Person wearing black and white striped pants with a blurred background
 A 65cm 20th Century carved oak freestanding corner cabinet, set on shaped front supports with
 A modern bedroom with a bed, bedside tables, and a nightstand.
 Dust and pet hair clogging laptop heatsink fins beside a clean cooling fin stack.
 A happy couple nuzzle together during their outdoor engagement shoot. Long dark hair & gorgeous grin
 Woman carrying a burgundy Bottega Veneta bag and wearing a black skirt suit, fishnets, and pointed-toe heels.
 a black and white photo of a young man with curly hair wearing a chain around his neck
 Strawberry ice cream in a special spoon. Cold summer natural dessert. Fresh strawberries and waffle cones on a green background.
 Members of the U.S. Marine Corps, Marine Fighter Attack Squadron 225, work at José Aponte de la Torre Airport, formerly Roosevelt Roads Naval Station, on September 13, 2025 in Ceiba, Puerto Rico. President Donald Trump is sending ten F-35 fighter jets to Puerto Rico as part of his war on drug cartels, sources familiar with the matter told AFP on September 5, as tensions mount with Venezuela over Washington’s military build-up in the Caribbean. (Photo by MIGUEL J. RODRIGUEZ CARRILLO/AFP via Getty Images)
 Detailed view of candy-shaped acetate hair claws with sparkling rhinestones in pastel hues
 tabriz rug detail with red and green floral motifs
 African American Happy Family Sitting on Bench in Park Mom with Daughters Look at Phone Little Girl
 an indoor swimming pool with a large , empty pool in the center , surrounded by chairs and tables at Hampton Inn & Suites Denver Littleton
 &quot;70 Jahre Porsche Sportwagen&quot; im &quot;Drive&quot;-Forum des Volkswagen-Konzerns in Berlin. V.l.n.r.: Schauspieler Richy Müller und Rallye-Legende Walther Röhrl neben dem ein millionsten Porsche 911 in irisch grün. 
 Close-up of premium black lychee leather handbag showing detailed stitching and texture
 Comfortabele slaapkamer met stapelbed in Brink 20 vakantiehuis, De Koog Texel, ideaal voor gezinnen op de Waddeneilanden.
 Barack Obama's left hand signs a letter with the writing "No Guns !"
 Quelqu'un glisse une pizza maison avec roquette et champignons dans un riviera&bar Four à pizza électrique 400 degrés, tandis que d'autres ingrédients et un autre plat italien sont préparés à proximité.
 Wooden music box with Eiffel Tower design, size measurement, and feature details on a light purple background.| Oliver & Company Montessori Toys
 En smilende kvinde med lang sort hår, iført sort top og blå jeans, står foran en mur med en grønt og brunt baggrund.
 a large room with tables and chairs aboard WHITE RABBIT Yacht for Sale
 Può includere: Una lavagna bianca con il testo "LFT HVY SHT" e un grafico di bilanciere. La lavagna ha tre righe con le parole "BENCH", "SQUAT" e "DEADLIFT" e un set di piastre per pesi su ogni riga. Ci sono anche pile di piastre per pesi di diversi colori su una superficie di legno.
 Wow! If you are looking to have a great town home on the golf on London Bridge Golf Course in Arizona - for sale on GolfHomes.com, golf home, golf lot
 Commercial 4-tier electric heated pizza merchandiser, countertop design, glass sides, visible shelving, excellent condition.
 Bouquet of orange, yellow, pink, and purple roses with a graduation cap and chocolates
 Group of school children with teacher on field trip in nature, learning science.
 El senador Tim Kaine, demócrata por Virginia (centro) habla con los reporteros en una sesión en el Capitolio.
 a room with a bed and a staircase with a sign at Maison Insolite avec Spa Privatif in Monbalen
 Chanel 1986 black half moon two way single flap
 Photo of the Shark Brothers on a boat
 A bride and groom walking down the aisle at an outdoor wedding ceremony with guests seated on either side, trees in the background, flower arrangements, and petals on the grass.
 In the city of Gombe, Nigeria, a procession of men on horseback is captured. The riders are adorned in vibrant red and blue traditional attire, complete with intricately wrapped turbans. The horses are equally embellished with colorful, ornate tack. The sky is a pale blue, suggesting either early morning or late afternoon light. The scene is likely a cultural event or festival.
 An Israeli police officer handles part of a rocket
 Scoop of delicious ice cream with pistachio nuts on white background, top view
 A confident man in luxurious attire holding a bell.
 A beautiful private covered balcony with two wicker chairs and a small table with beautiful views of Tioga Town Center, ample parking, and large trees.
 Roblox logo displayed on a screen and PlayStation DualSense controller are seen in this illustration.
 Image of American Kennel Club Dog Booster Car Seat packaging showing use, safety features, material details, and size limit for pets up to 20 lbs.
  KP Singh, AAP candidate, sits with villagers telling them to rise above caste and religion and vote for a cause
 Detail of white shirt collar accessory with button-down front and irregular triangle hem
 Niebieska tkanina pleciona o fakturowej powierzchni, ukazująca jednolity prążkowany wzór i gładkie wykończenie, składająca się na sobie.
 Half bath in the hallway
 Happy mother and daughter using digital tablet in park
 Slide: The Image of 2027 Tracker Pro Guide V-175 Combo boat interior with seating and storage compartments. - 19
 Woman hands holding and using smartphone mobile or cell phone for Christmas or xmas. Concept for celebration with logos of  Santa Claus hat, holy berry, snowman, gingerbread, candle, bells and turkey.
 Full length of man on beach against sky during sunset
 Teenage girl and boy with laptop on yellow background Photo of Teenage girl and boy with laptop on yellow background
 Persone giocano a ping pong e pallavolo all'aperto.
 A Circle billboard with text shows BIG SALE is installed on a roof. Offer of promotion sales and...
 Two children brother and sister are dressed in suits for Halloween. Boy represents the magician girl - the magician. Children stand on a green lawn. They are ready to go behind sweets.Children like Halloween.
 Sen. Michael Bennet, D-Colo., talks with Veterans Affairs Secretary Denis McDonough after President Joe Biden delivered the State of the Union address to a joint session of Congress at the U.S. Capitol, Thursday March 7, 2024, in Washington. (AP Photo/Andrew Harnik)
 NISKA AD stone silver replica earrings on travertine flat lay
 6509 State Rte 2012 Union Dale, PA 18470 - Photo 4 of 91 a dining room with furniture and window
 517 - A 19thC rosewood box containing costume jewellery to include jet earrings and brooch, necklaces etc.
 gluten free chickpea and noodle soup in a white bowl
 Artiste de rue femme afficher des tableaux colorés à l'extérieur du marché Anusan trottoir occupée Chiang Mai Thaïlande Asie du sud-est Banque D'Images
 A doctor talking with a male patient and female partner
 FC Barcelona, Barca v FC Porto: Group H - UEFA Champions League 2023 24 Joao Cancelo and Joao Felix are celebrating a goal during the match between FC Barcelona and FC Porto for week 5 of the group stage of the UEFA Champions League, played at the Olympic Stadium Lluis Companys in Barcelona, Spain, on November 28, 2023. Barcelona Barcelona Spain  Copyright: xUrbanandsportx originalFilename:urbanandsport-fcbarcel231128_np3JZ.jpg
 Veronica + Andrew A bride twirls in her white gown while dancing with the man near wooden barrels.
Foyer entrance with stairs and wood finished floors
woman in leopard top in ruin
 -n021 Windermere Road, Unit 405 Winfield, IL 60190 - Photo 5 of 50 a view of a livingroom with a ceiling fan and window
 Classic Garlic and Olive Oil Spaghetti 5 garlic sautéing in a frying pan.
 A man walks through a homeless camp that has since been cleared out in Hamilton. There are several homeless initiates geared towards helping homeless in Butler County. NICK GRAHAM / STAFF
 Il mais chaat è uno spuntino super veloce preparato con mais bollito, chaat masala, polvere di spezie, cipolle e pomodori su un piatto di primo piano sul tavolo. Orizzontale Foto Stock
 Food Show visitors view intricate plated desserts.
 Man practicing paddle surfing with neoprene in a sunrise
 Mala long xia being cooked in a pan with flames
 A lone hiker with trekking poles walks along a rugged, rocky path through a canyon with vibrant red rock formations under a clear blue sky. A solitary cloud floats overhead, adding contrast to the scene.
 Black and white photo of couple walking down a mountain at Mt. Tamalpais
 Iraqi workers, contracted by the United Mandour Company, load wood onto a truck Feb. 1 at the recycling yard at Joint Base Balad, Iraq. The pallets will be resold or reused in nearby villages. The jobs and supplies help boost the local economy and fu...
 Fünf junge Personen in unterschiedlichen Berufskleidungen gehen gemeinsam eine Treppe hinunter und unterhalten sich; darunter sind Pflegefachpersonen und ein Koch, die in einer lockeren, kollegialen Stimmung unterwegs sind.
● ● ● ●
_Task statement_:
Report every line containing the string "tables" in the material.

_Task result_:
 A modern bedroom with a bed, bedside tables, and a nightstand.
 an indoor swimming pool with a large , empty pool in the center , surrounded by chairs and tables at Hampton Inn & Suites Denver Littleton
 a large room with tables and chairs aboard WHITE RABBIT Yacht for Sale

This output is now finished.